### [GOAL OF THE EXERCISE]
Pictures are to be omitted, and every entry below is to be restated exactly.
★ ★ ★ ★
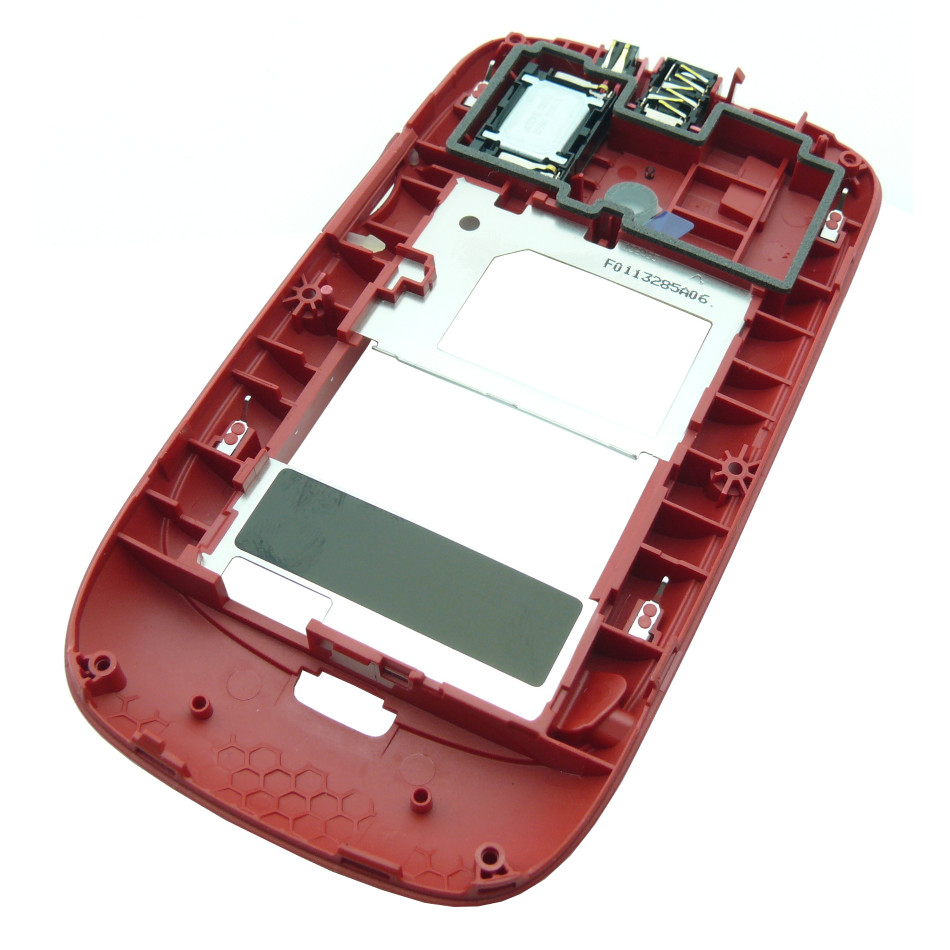 Cover posteriore Plum Red Cover posteriore Plum Red
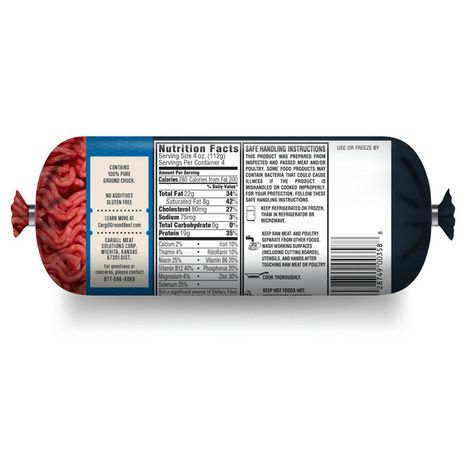 Our Certified ® 80% Lean / 20% Fat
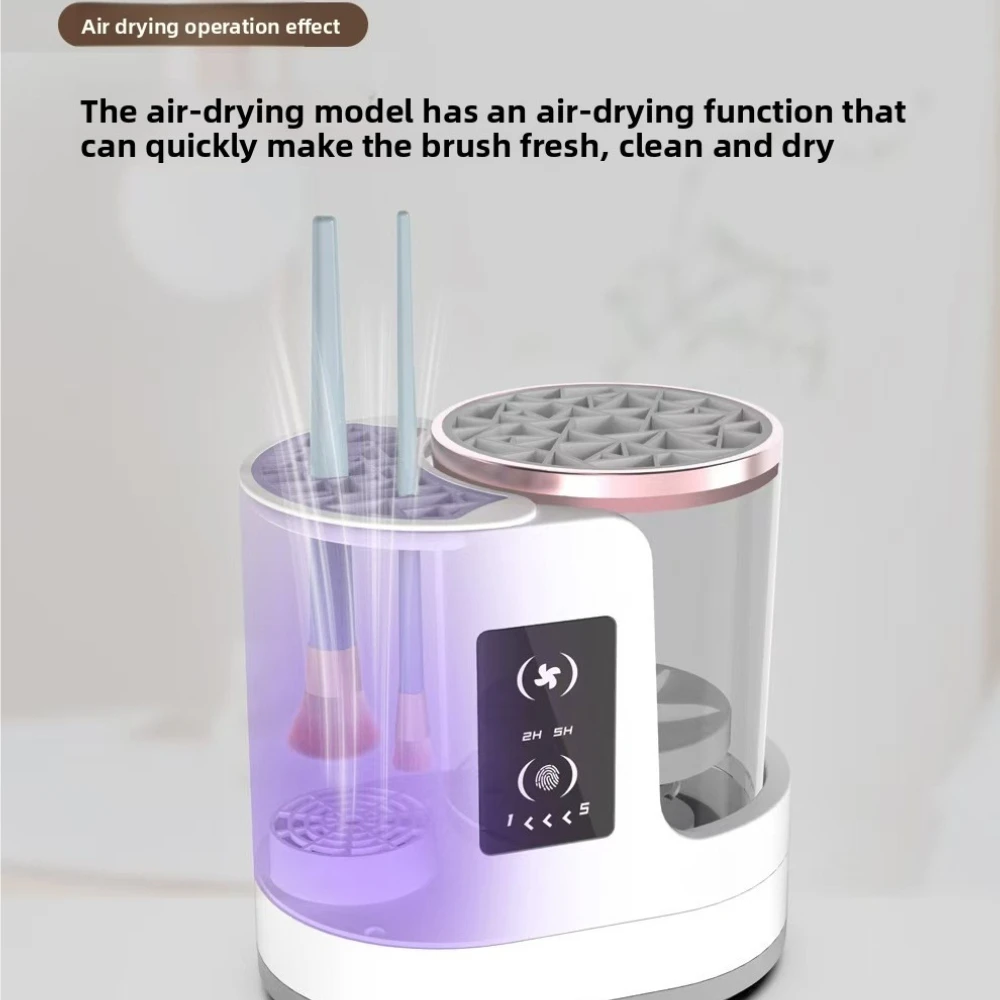 Vialo Makeup Brush Cleaner™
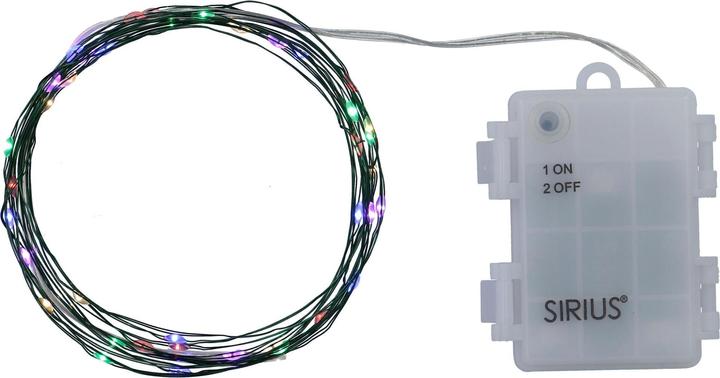 Produktbild Sirius LED Lichterkette Knirke , 40 LED (3.90 m)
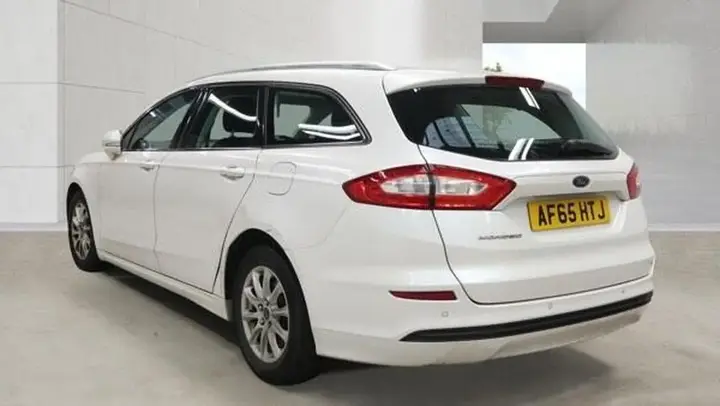 Ford Mondeo 2015 photo 3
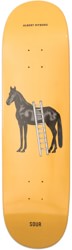 Sour Albert High Horse 8.125 Skateboard Deck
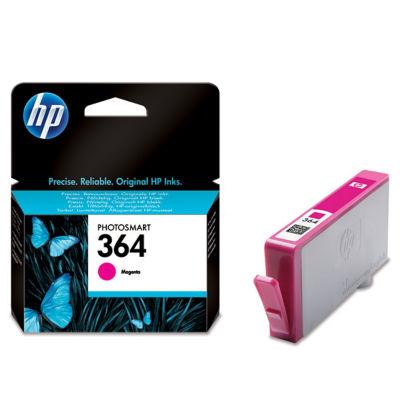 Cartouche HP 364 magenta pour imprimantes jet d'encre_0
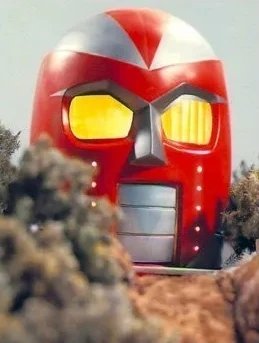 日本にはもっとこういう建物があって欲しい😗🤖。 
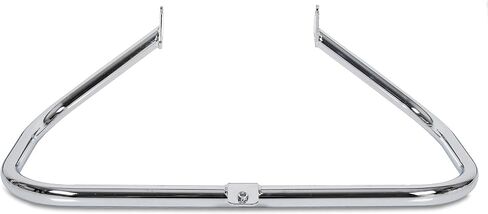 Kuafu Engine Guard Highway Crash Bar متوافق مع 1997-2008 Harley Touring Road King/Ultra Classic Electra Glide/Road Glide/Street Glide استبدال 49184-97 Chrome in Saudi Arabia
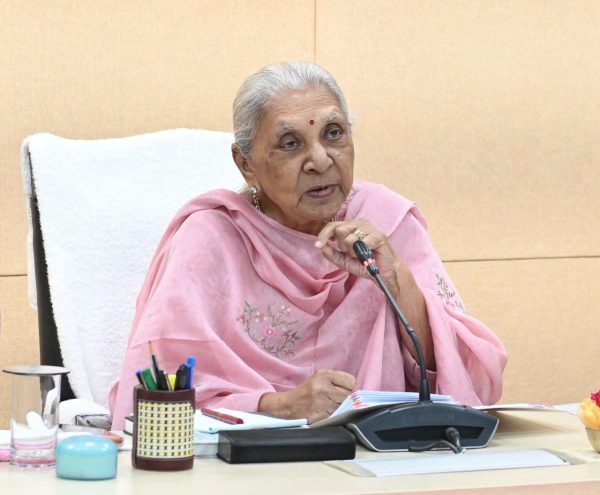 राष्ट्रीय शर्करा संस्थान के 91वें स्थापना दिवस पर राज्यपाल आनंदीबेन पटेल ने शोध और नवाचार को बढ़ावा देने पर दिया जोर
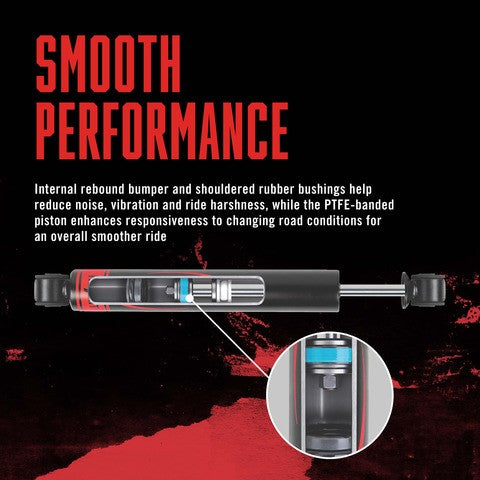 Suspension Strut Rancho RS77845
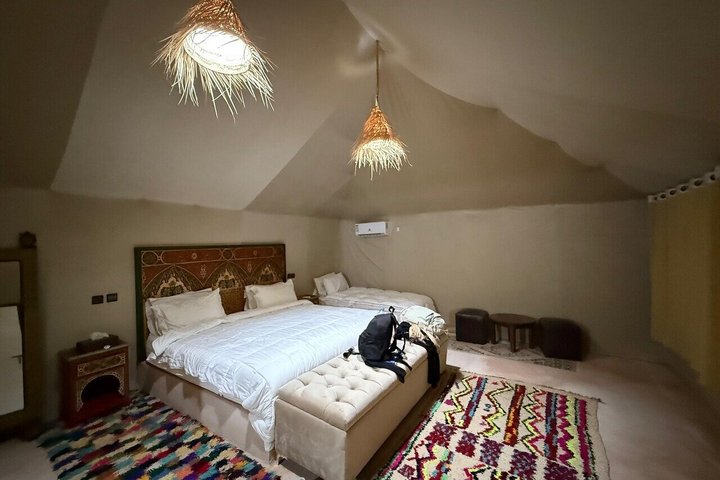 4Day Desert Adventure from Errachidia to Marrakech via Erg Chebbi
★ ★ ★ ★
### [FINISHED TASK]
 Cover posteriore Plum Red Cover posteriore Plum Red
 Our Certified ® 80% Lean / 20% Fat
 Vialo Makeup Brush Cleaner™
 Produktbild Sirius LED Lichterkette Knirke , 40 LED (3.90 m)
 Ford Mondeo 2015 photo 3
 Sour Albert High Horse 8.125 Skateboard Deck
 Cartouche HP 364 magenta pour imprimantes jet d'encre_0
 日本にはもっとこういう建物があって欲しい😗🤖。 
 Kuafu Engine Guard Highway Crash Bar متوافق مع 1997-2008 Harley Touring Road King/Ultra Classic Electra Glide/Road Glide/Street Glide استبدال 49184-97 Chrome in Saudi Arabia
 राष्ट्रीय शर्करा संस्थान के 91वें स्थापना दिवस पर राज्यपाल आनंदीबेन पटेल ने शोध और नवाचार को बढ़ावा देने पर दिया जोर
 Suspension Strut Rancho RS77845
 4Day Desert Adventure from Errachidia to Marrakech via Erg Chebbi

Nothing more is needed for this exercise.